- **What you need to do**
The records follow. Copy them exactly, but omit the pictures.

-------- Source records --------

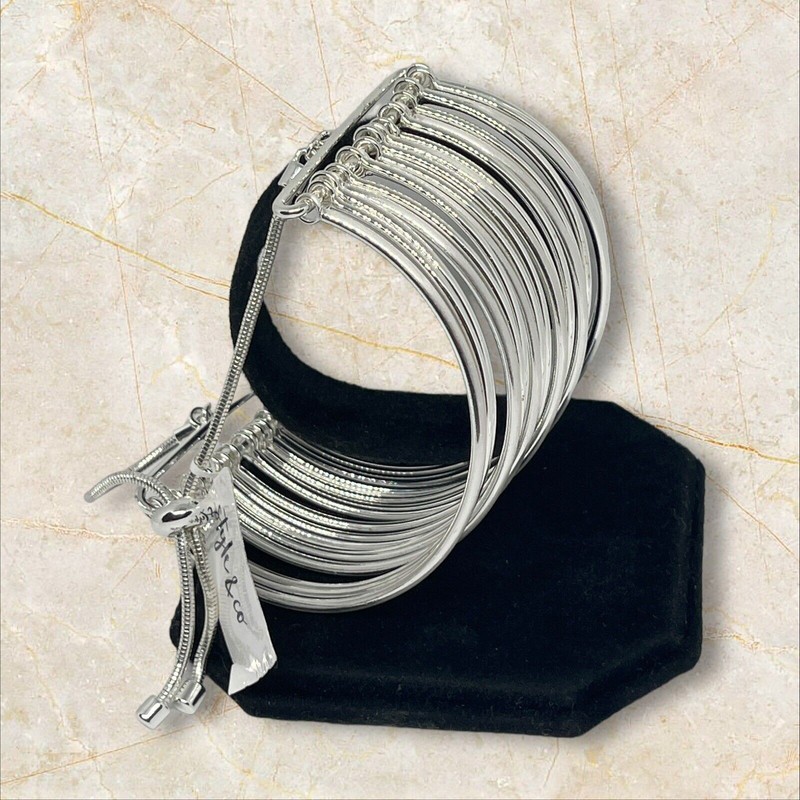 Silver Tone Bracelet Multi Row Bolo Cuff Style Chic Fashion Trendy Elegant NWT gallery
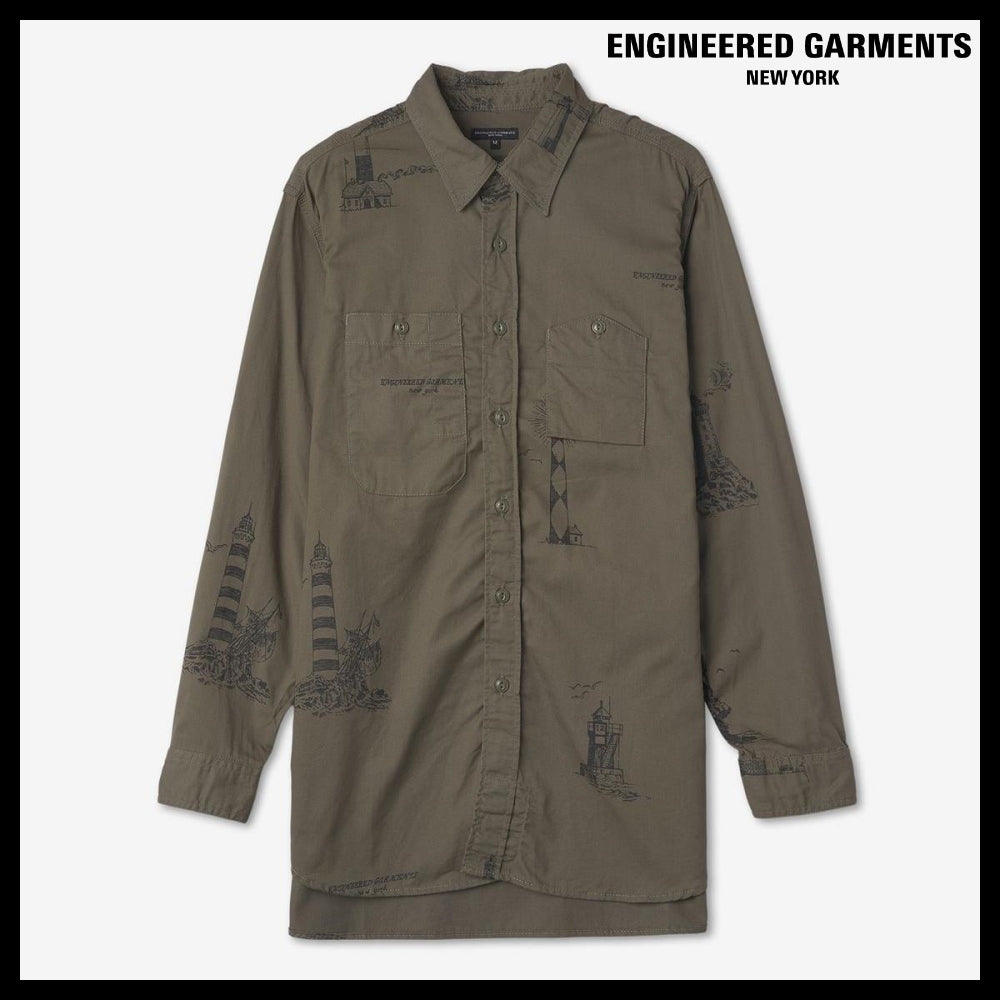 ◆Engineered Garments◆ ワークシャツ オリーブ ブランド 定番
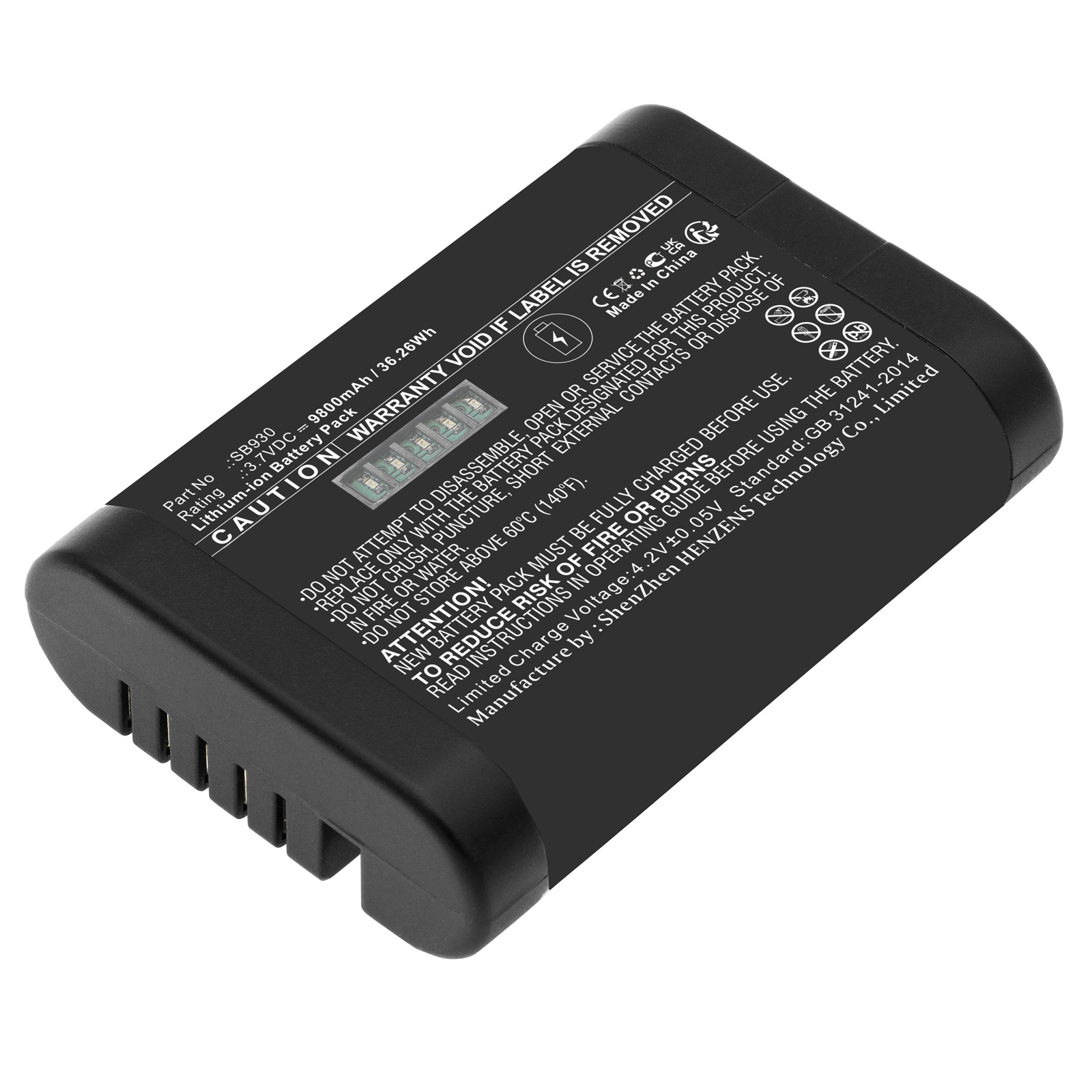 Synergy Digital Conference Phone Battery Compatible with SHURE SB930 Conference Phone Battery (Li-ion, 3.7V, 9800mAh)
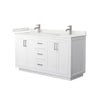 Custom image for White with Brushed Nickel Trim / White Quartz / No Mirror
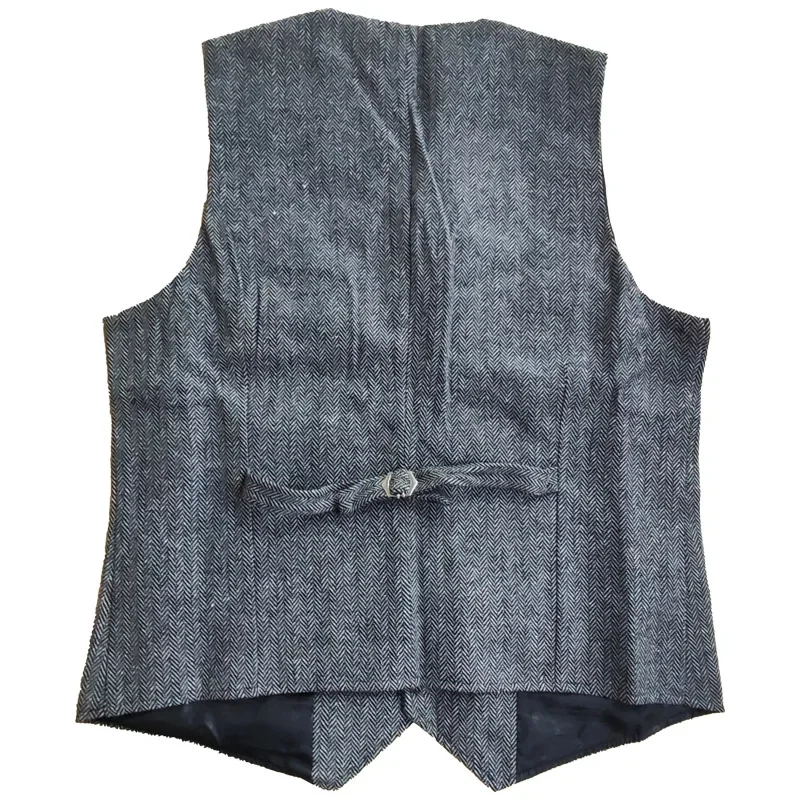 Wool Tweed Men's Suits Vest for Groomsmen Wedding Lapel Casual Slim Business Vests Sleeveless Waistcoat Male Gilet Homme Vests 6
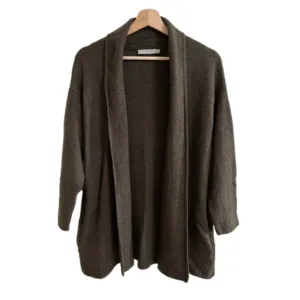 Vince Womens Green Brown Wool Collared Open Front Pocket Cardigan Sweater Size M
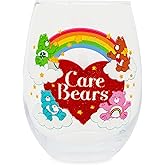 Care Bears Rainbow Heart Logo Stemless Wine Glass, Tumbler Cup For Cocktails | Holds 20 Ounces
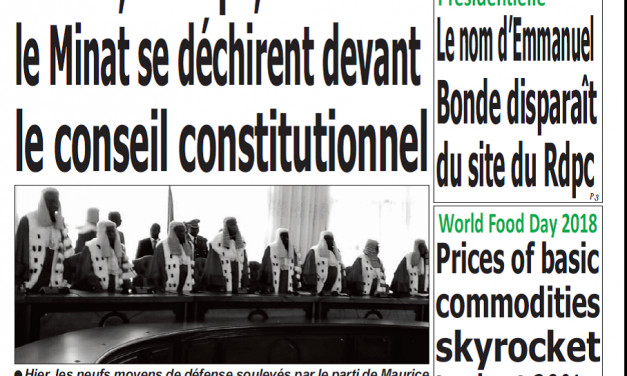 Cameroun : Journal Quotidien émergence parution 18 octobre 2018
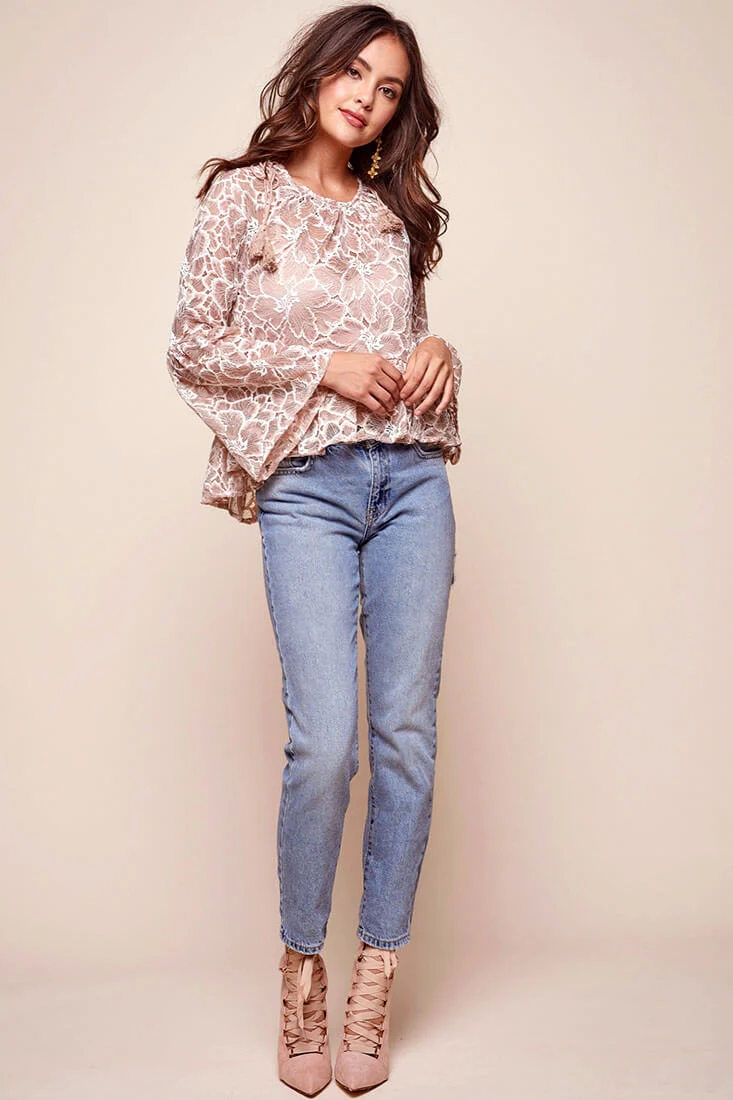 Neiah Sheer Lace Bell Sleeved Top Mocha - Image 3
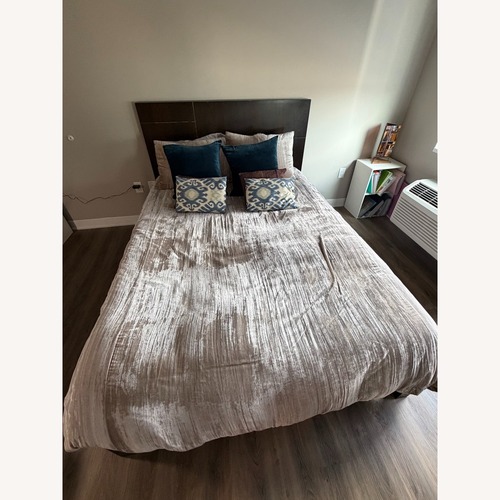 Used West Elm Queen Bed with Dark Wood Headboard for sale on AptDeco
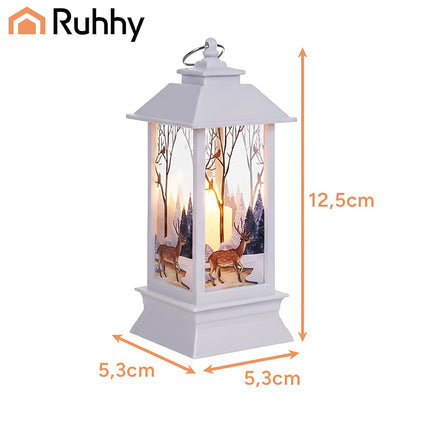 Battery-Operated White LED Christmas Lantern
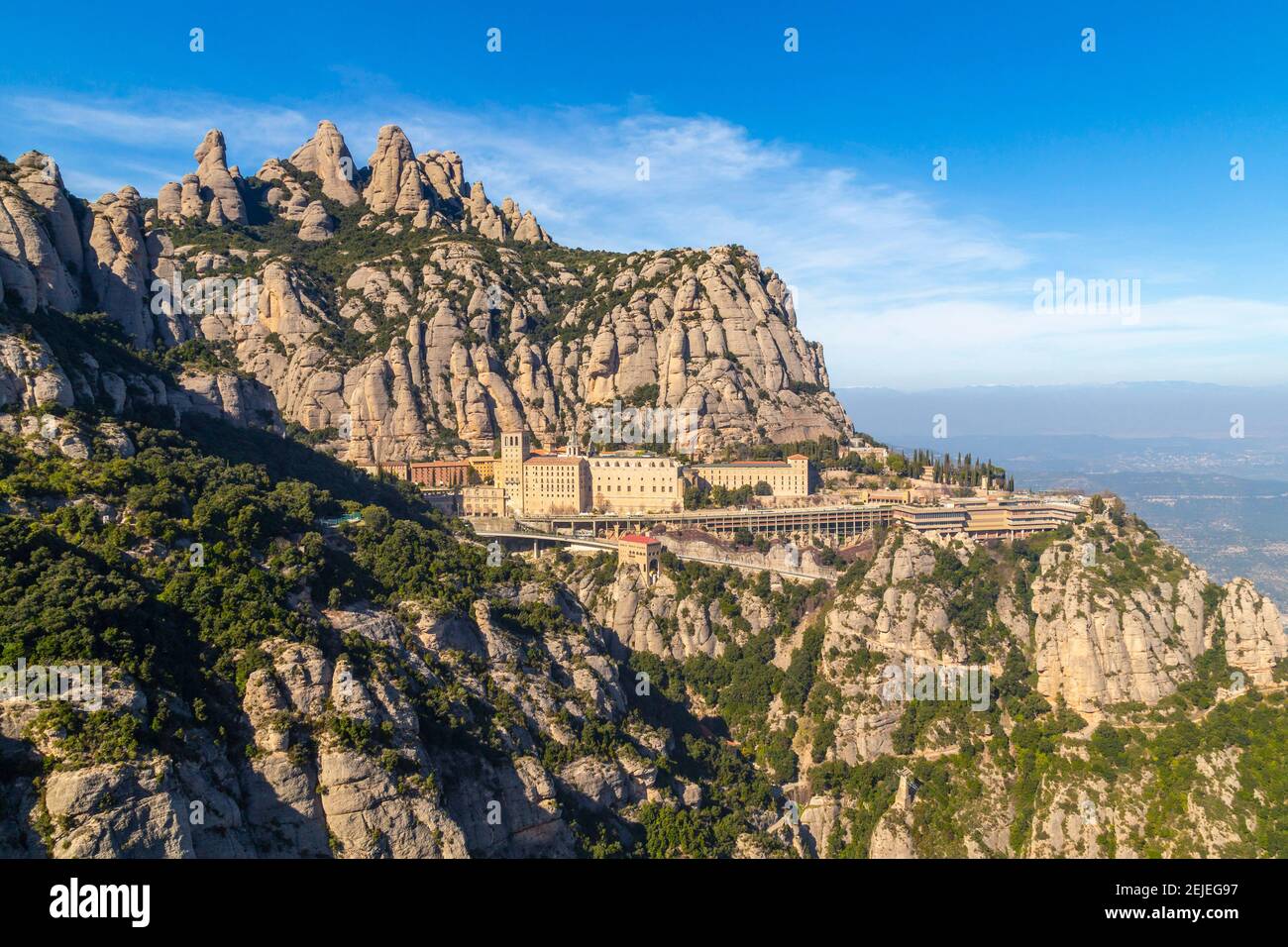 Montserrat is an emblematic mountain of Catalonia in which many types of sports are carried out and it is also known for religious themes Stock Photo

--------

- **Written answer**
 Silver Tone Bracelet Multi Row Bolo Cuff Style Chic Fashion Trendy Elegant NWT gallery
 ◆Engineered Garments◆ ワークシャツ オリーブ ブランド 定番
 Synergy Digital Conference Phone Battery Compatible with SHURE SB930 Conference Phone Battery (Li-ion, 3.7V, 9800mAh)
 Custom image for White with Brushed Nickel Trim / White Quartz / No Mirror
 Wool Tweed Men's Suits Vest for Groomsmen Wedding Lapel Casual Slim Business Vests Sleeveless Waistcoat Male Gilet Homme Vests 6
 Vince Womens Green Brown Wool Collared Open Front Pocket Cardigan Sweater Size M
 Care Bears Rainbow Heart Logo Stemless Wine Glass, Tumbler Cup For Cocktails | Holds 20 Ounces
 Cameroun : Journal Quotidien émergence parution 18 octobre 2018
 Neiah Sheer Lace Bell Sleeved Top Mocha - Image 3
 Used West Elm Queen Bed with Dark Wood Headboard for sale on AptDeco
 Battery-Operated White LED Christmas Lantern
 Montserrat is an emblematic mountain of Catalonia in which many types of sports are carried out and it is also known for religious themes Stock Photo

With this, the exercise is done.